Neiswanger K, Zubenko G S, Giles D E, Frank E, Kupfer D J, Kaplan B B
Department of Psychiatry, University of Pittsburgh School of Medicine, Pennsylvania, USA.
Am J Med Genet. 1998 Sep 7;81(5):443-9.
Recurrent unipolar depression with an early age of onset is a severe form of unipolar depression that has both genetic and environmental components. We genotyped the members of 16 families identified by probands with early onset (< or = 25 years), recurrent unipolar, major depression for 38 simple sequence tandem repeat polymorphisms (SSTRPs) from chromosomal regions containing 12 genes involved in neuroendocrine or serotonergic functioning. Pairwise linkage analysis was performed with the software package FASTLINK. The affected phenotype was defined four ways, and both dominant and recessive models of depression were analyzed. Seven SSTRPs showed lod scores > 1.00 at theta values between 0.10-0.20. The members of an additional 18 families were genotyped for these seven SSTRPs, and the complete sample of 34 families was evaluated using lod score analysis, affected pedigree member linkage analysis, and within-family association analysis. Evidence for linkage between D11S929 and affective illness remained positive, necessitating the analysis of four additional SSTRPs within 3 cM of D11S929. After all confirmatory analyses were completed, no evidence suggestive of linkage remained between any of the 38 SSTRPs and the affected phenotypes.

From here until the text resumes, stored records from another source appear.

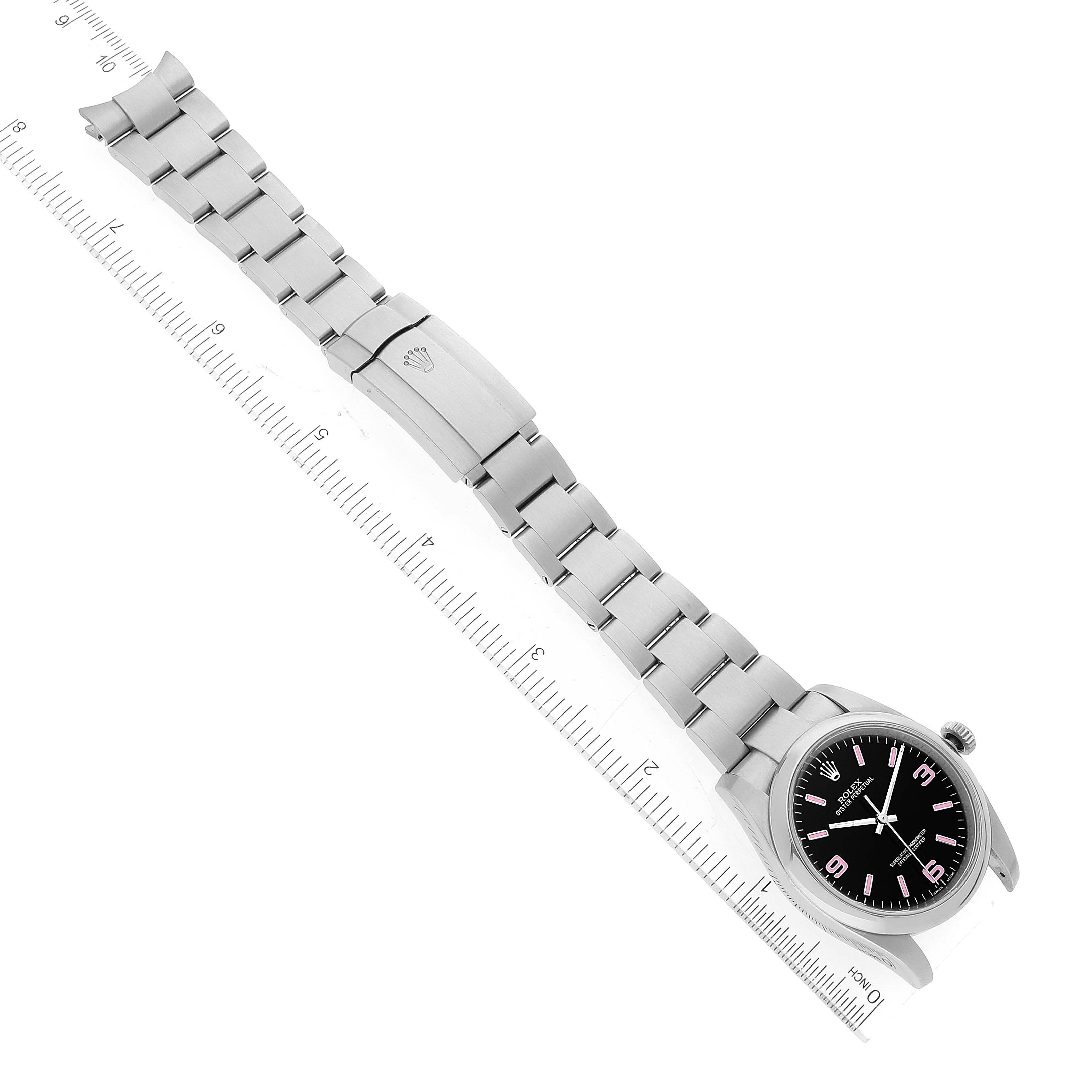 This image shows a top-down view of a Rolex Oyster Perpetual 116000 Men
s Stainless Steel Black Dial 116000 Men
s Stainless Steel Black Dial watch, including its full metal bracelet and clasp, alongside a ruler for scale.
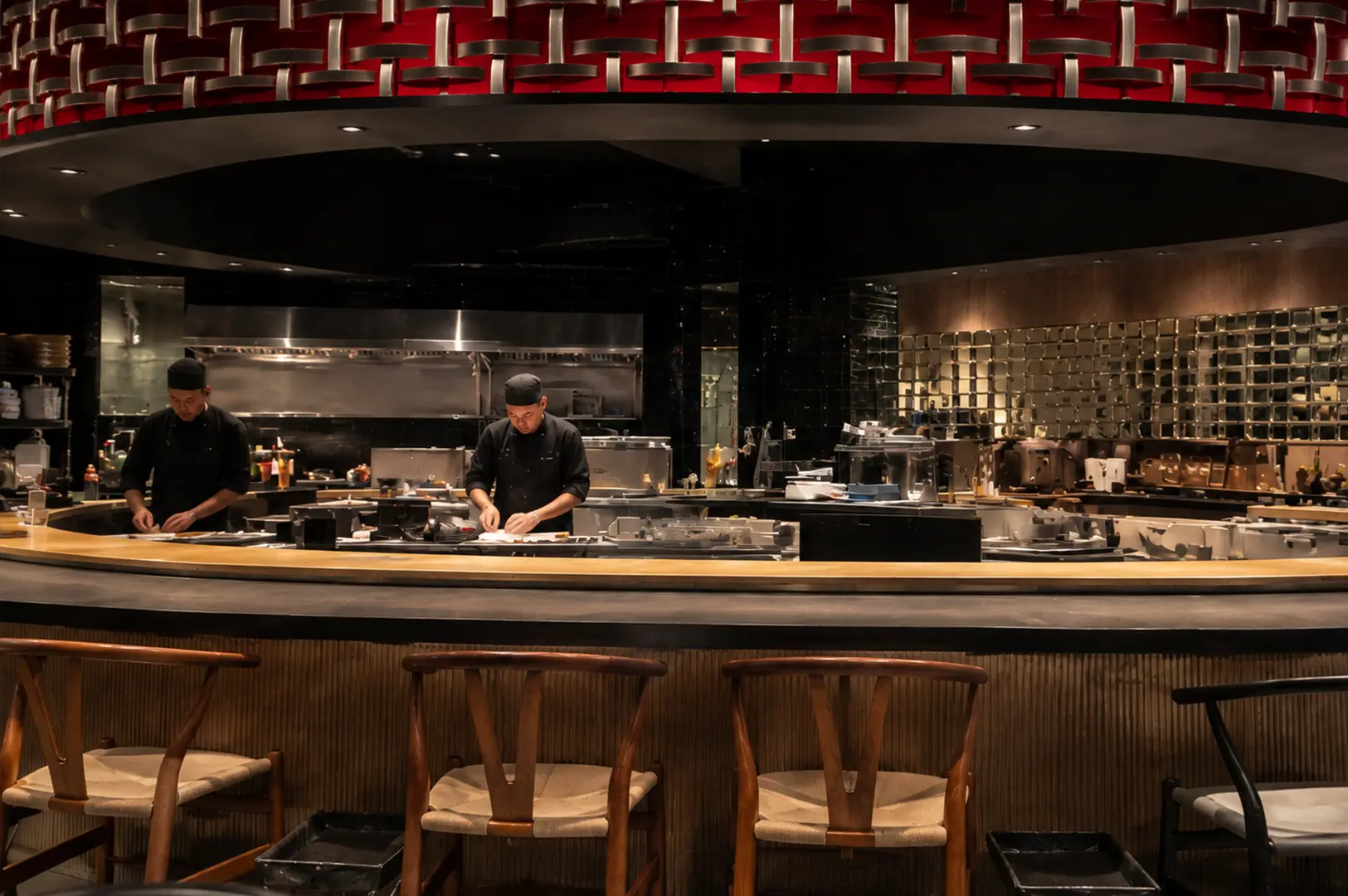 A spacious contemporary sushi restaurant with chefs working behind a long counter, surrounded by dark finishes, warm wood, and decorative lighting at Sen-ryo.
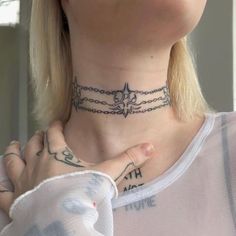 a woman wearing a chain choker with an anchor tattoo on her neck and chest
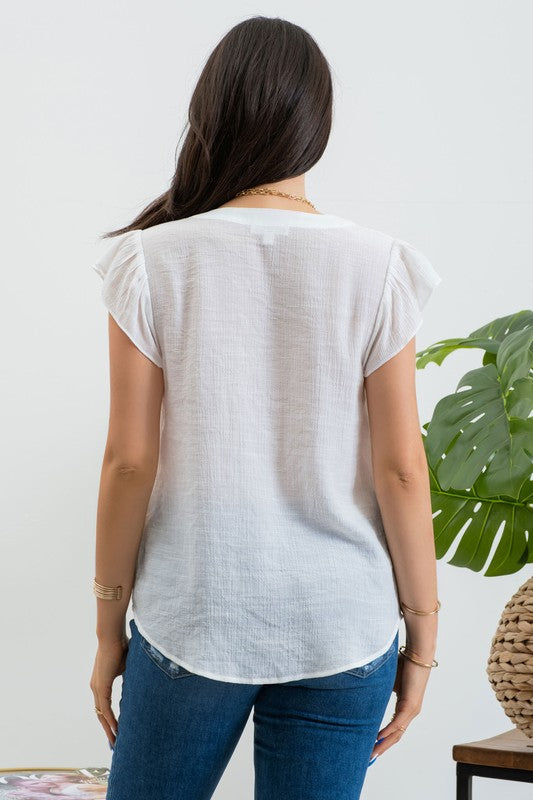 Blusa bordada con manga olán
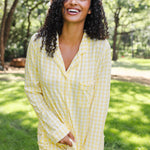 A woman with curly dark hair wearing a light yellow and white gingham pajama set, standing outdoors in a grassy park area with trees in the background.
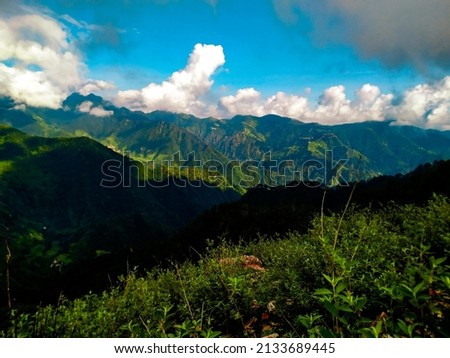 A rain forest landscape picture of mountain , green valley, cloud formation 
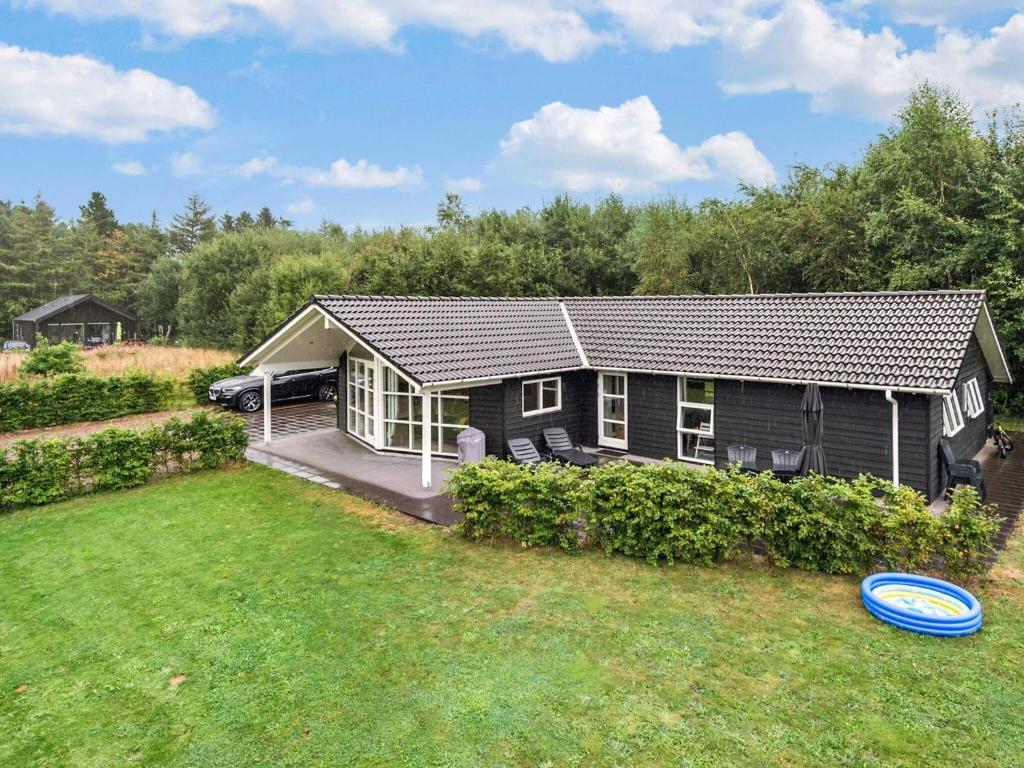 ein kleines Haus mit einem blauen Frisbee im Hof in der Unterkunft Holiday home Ansager XXII in Ansager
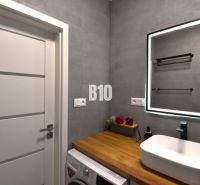 Badezimmer mit Waschbecken, Spiegel und Boden mit Holzdekor in einer 3-Zimmer-Wohnung.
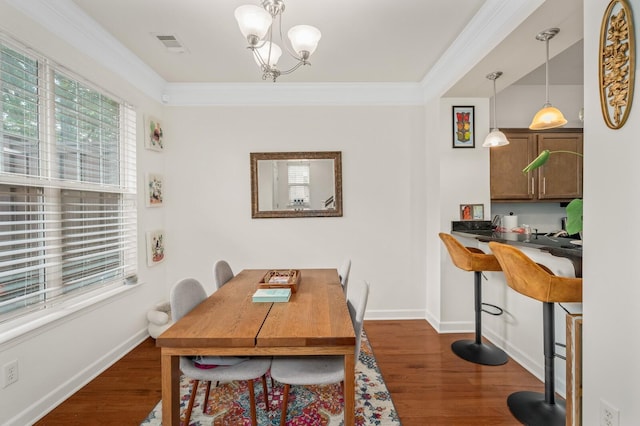 dining area with visible vents, dark wood-type flooring, and ornamental molding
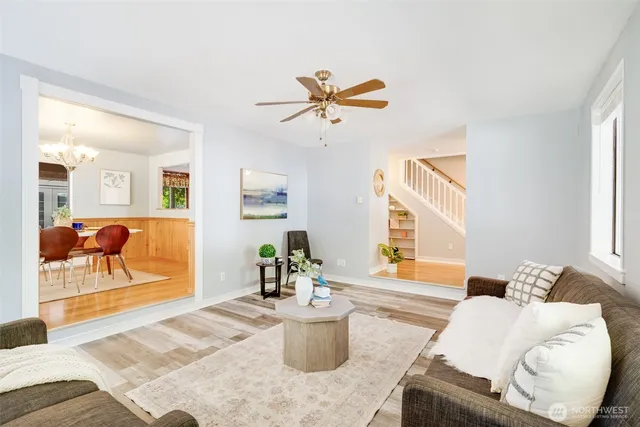a living room with furniture and a potted plant
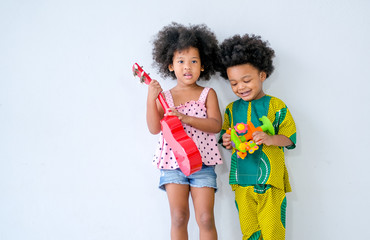 Two young African brother and sister  stand in front of white wall and girl holds small guitar and boy holds some toys in hand with day light.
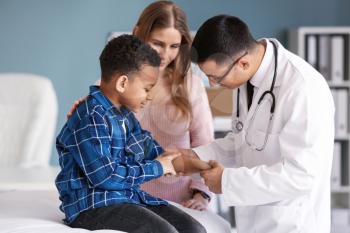 Pediatrician examining African-American boy in clinic�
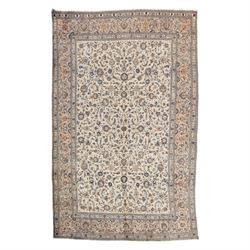 Large Central Persian Kashan hand-knotted carpet, ivory field with an all-over scrolling d...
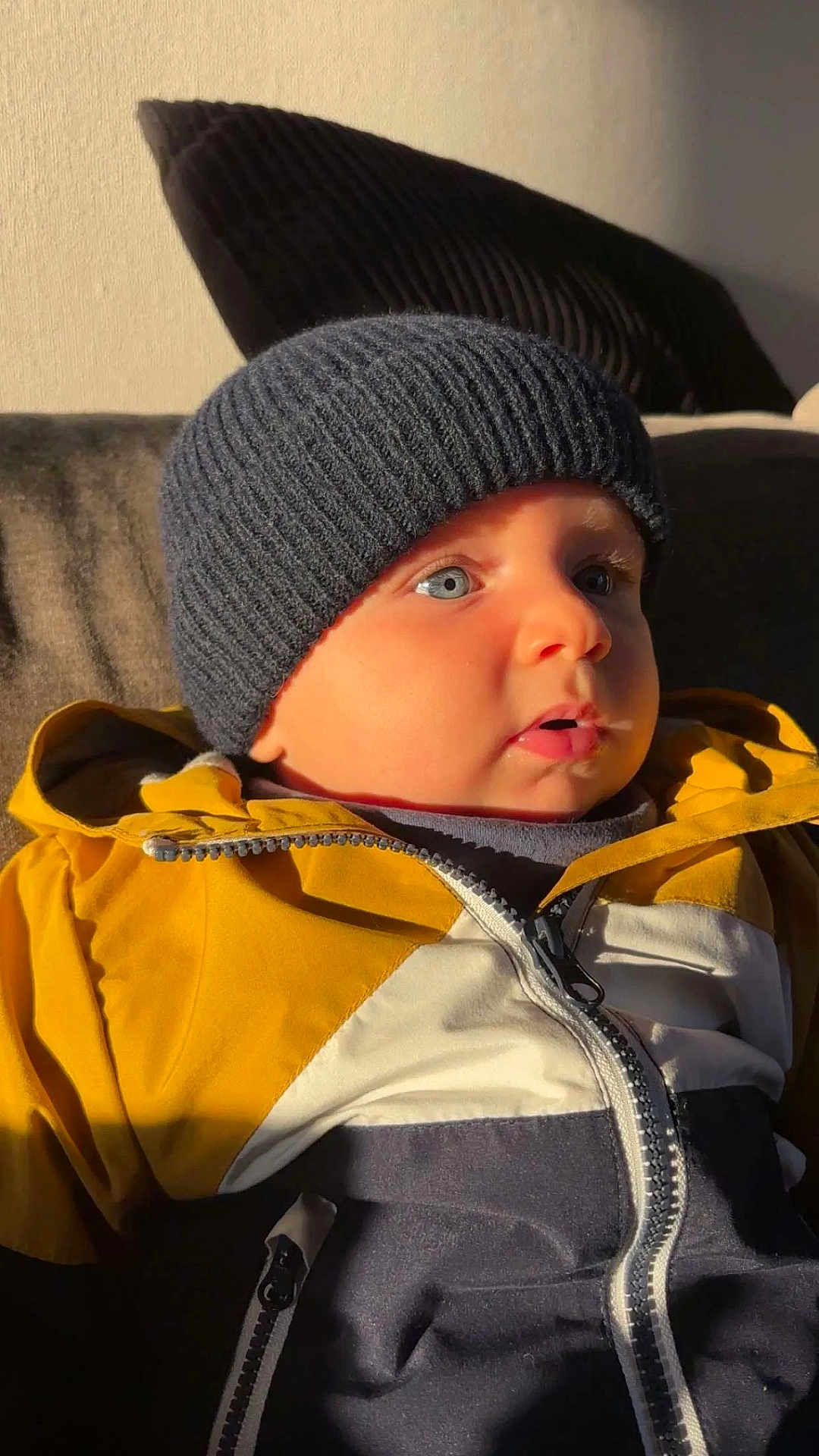 Maël a rejoint le concours — aidez-le/la à gagner de superbes lots ! baby, child, hat, knit_hat, jacket, zipper, blue_eyes, face, portrait, indoors, light, shadow, warm_clothing, curious, cute, toddler, person, closeup, cozy, soft_light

早发型复发性单相抑郁症是单相抑郁症的一种严重形式,具有遗传和环境因素。我们对16个家族的成员进行了基因分型,这些家族由先证者确定,其患有早发型(≤25岁)、复发性单相重度抑郁症,针对来自包含12个参与神经内分泌或血清素功能的基因的染色体区域的38个简单序列串联重复多态性(SSTRP)进行检测。使用FASTLINK软件包进行成对连锁分析。以四种方式定义受影响的表型,并分析了抑郁症的显性和隐性模型。七个SSTRP在θ值为0.10 - 0.20之间时显示连锁值>1.00。对另外18个家族的成员进行了这七个SSTRP的基因分型,并使用连锁值分析、受影响家系成员连锁分析和家系内关联分析对34个家族的完整样本进行了评估。D11S929与情感性疾病之间的连锁证据仍然为阳性,因此需要对D11S929附近3 cM范围内的另外四个SSTRP进行分析。在所有验证性分析完成后,38个SSTRP中的任何一个与受影响表型之间均未留下提示连锁的证据。